Cependant, malgré cet affaissement de l'économie, Mme Ba est d'avis qu'à moyen terme, les perspectives sont favorables, notamment avec le début de l'exploitation des hydrocarbures. "On s'attend à ce que la croissance rebondisse à 4,7 % en 2023, puis à 9,9 % en 2024. Elle sera stimulée par les exportations d'hydrocarbures et tirée par un secteur industriel fort. On notera également dans nos analyses un effet de répercussion des retombées du secteur secondaire vers les autres secteurs de l'économie tels que le secteur tertiaire", espère la Banque mondiale.
Dans la même veine, le rapport a également révélé que le taux d’inflation annuelle s'est établi à 9,7 % en 2022. "Elle a été tirée principalement par l'augmentation des prix des denrées alimentaires liée aux difficultés d'approvisionnement et de transport. En novembre 2022, nous avons connu un pic d'inflation au Sénégal de 14,1 %, qui était un pic record comparé à la moyenne annuelle de l'inflation des années précédentes. Avec ce niveau d'inflation de 9,7, si on le compare avec les autres pays de l'UMOA, ça fait du Sénégal l'un des pays les plus durement affectés par l'inflation, après le Burkina Faso", souligne-t-on.
Ainsi, à moyen terme, la Banque mondiale dit s'attendre à ce que les pressions inflationnistes s'amenuisent au fur et à mesure pour que les tensions sur les marchés internationaux se libèrent plus ou moins.
Pour l'année 2023, "on a prévu une inflation de 5 % et cela est dû aux effets de la volatilité des prix de l'énergie. Puis, on aura une décélération progressive d'ici 2025".
Selon le rapport, l'inflation a poussé les ménages à substituer des aliments de qualité supérieure par des aliments de qualité inférieure et cela pourrait augmenter l'incidence de pauvreté et exacerber la vulnérabilité des ménages aux chocs. Au Sénégal, en 2022, "près de 11 % de la population, à savoir 2,2 millions de Sénégalais, vivent au seuil de la pauvreté. Il y a un risque élevé de sombrer dans la pauvreté".
"Le compte courant s'est détérioré en 2022"
Le rapport de la Banque mondiale a aussi révélé que le compte courant s'est détérioré en 2022.
En effet, explique-t-on, le déficit du compte courant s'est établi à plus de 19 % du PIB. De 13 % du PIB en 2021, il est passé à 19 % du PIB en 2022. "Ce déficit reflète, pour la plupart, le déficit du compte commercial.

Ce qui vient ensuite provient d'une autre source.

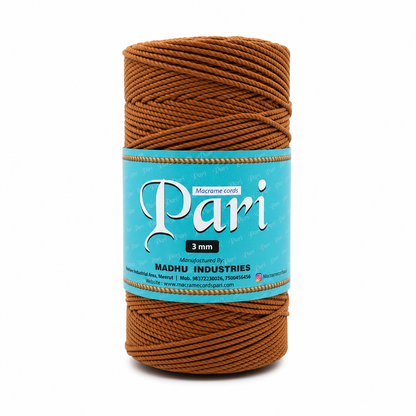 3mm Twisted (3Ply) | Chocolate | 200 - 250 Metres | 1kg Spool | Cotton | No 06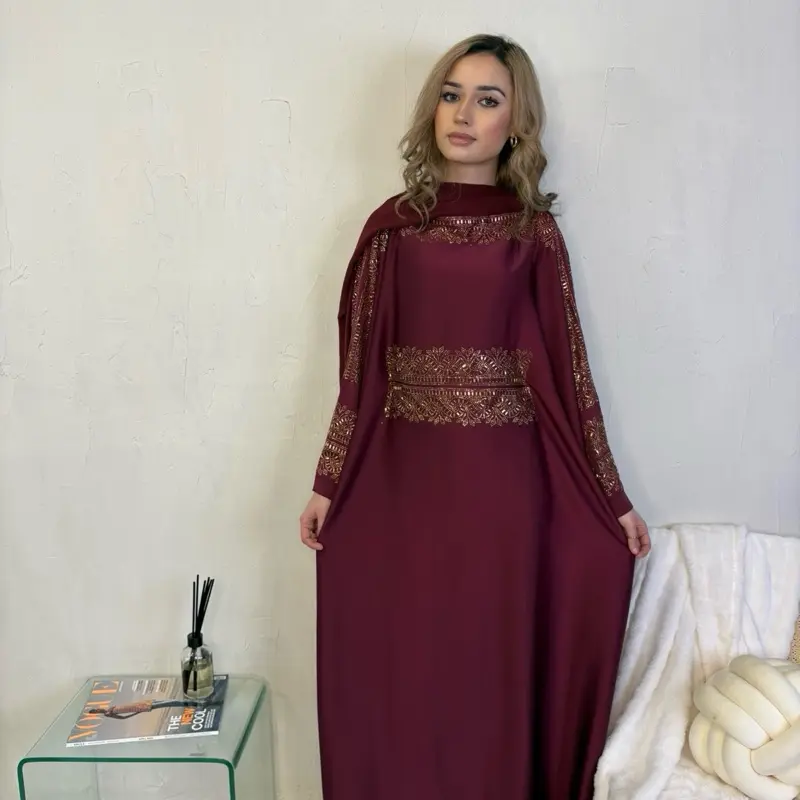 AYAH ABAYA - women’s premium butterfly abaya with matching hijab, luxury embroidery patter with inner belt 7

Les importations ont été affectées par l'augmentation des prix pétroliers et des prix des denrées alimentaires, ainsi que l'augmentation des services qui sont liés à l'industrie des hydrocarbures. Les importations ont encore augmenté environ de 10 %, entre 2021 et 2022", indique-t-on dans le rapport.

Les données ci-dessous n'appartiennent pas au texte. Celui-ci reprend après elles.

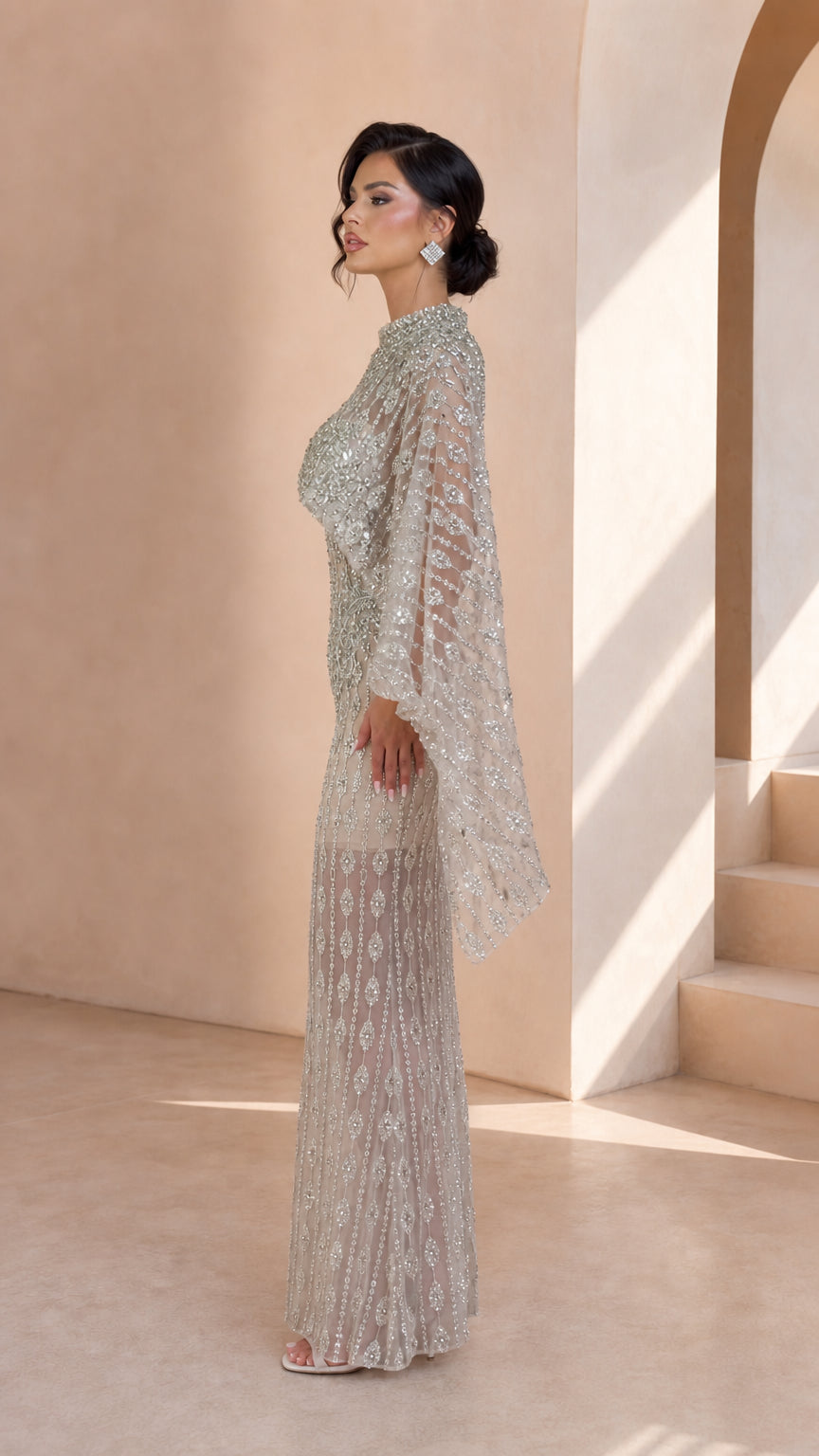 Embellished Cape Sleeve High Neck Formal Evening Maxi Dress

À moyen terme, la Banque mondiale dit attendre que les pressions sur le compte courant s'atténuent pour que le déficit se réduise d’environ 15 % en 2023 et à une moyenne de 7,2 %, entre 2024 et 2025.
Selon l'organisation internationale, les dépenses ont principalement porté sur les dépenses courantes. Il s'agit principalement de la forte hausse des subventions énergétiques qui ont représenté plus de 4 % du PIB en 2022, environ 750 milliards de francs CFA. Pour contenir le déficit, poursuit le rapport, les dépenses d'investissement ont pu être réduites de 1,7 %, passant de 9, 2 % du PIB en 2021, à 7,5 % du PIB en 2022. Ce qui a contribué à une croissance qui a été beaucoup plus faible.
"La mobilisation des ressources n'a pas été suffisante pour contrebalancer le poids des dépenses en 2022, au Sénégal. Les recettes fiscales ont augmenté de 1,1 %, passant de 17 % du PIB en 2021 à 18,1 % du PIB en 2022, sous l'effet de l'augmentation des recouvrements sur les revenus et de l'impôt sur les sociétés", informe-t-on.
La dette de l'Administration centrale, qui représente environ 90 % de la dette publique totale, a atteint environ 67,5 % du PIB en 2022, ce qui reste inférieur au seuil de 70 % du PIB fixé par l'UMOA. Selon la BM, l'analyse de la viabilité de la dette fait état d'un risque modéré de surendettement, mais la marge de manœuvre du Sénégal pour faire face aux chocs reste très limitée.